Tang Contemporary Art is excited to announce a new female group exhibition at our Hong Kong gallery space, titled “A Room of One’s Own” and opening on June 22. The show will display more than twenty magnificent works by five young female artists, including Ding Hongdan, Li Muhua, Liu Youran, Wang Su, and Zhou Xinyu.

“A woman’s way to independence begins with a room of her own.”

– Adeline Virginia Woolf

As described by Hou Hanru in his publication Everyday Miracles, the modernization in China was rational, linear, rapid, vertical, progressive, efficient, and utopian – attributes that were once considered male-oriented because of the rigid, patriarchal hierarchies, subsequently coercing women into fixated gender stereotypes. Nevertheless, these characters mentioned by Hou are now demonstrated in women through the development of feminism, allowing them to rest and breathe amidst gender struggles, and to “reconstruct a room of one’s own”.

Since the 19th century when the awareness of women’s political participation started to grow in Britain thanks to the efforts by Emmeline Pankhurst, feminism has been able to manifest itself publicly. Ways to achieve individualism, diminish differentiation, and reconstruct a comfortable everyday space then become ensuing topics to be tackled. Economic independence, possession of personal space, and the right to knowledge also became essential conditions for women to acquire a “social distance in modern terms” (Georg Simmel), as well as to enjoy fruitfulness in their spiritual life. In fact, women should also have the privilege to lead others and handle situations. Female artists, likewise, transcend beyond the development of an “-ism” and focus instead on individuality and enriching their own “Memory Bank”. What is shared are life experiences, initiating sentimental revolutions, and redefining heterogeneity – implementations outside of political means.
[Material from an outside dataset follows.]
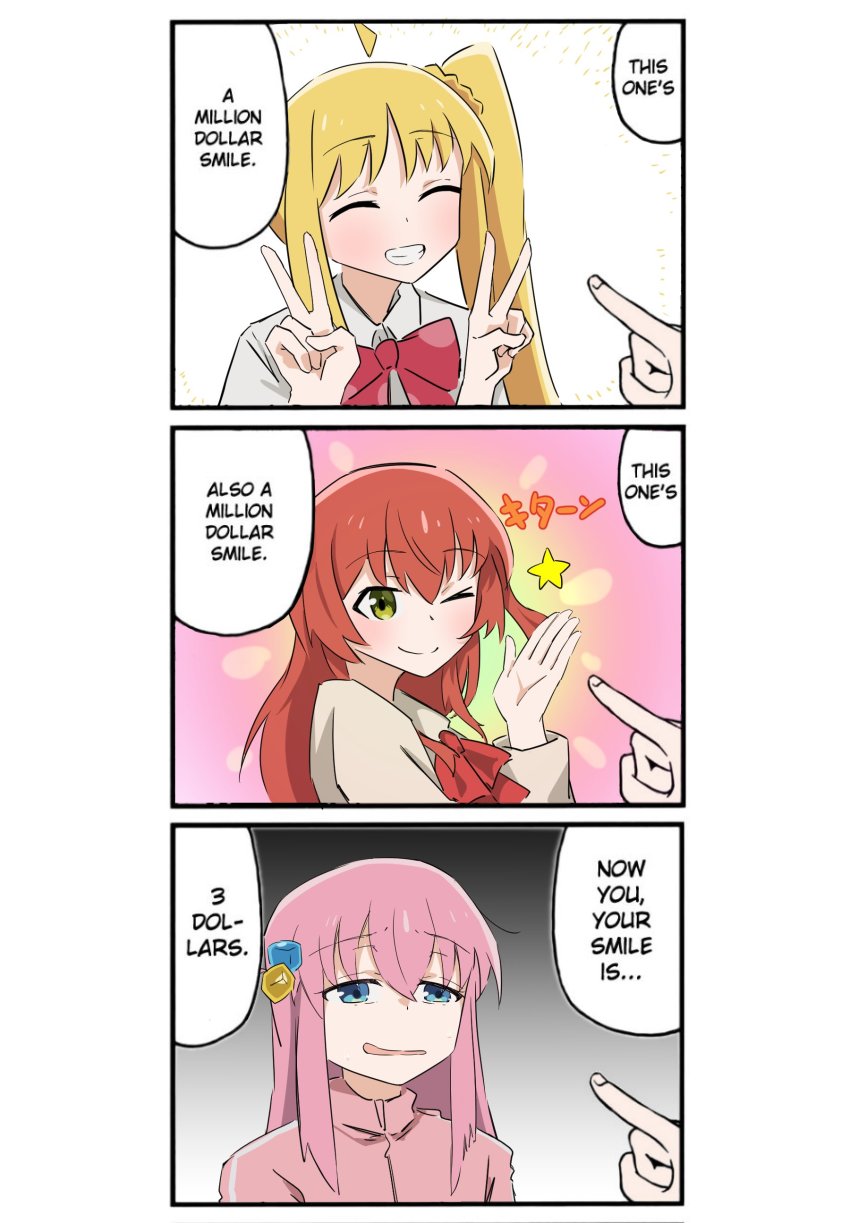 3koma absurdres ahoge blonde_hair blue_eyes bocchi_the_rock! bow closed_eyes closed_mouth collared_shirt comic cube_hair_ornament detached_ahoge double_v english_text gotoh_hitori green_eyes hair_between_eyes hair_ornament highres homu_(homuplush) ijichi_nijika jacket kita_ikuyo long_hair long_sleeves meme one_eye_closed one_side_up open_mouth pink_hair pink_jacket pointing red_bow red_eyes red_hair sailor_collar school_uniform shirt side_ponytail sidelocks smile track_jacket v white_sailor_collar white_shirt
Nowadays, the “rhizome” in feminism is still under exploration, with diverse entries, exits, tunnels, veins, self-designed games, and escape routes. Crevices of naturalized feminism nourish cultural rooms and emotional caves, and not simply intellectual fortresses. According to Gilles Deleuze and Félix Guattari, the diverse and decentralized structures of natural caves can help more people find spiritual independence and models of self-governance, thereafter inspiring the stories of Mille Plateaux. The five young female artists in this group exhibition offer new connections and their own perspectives as women.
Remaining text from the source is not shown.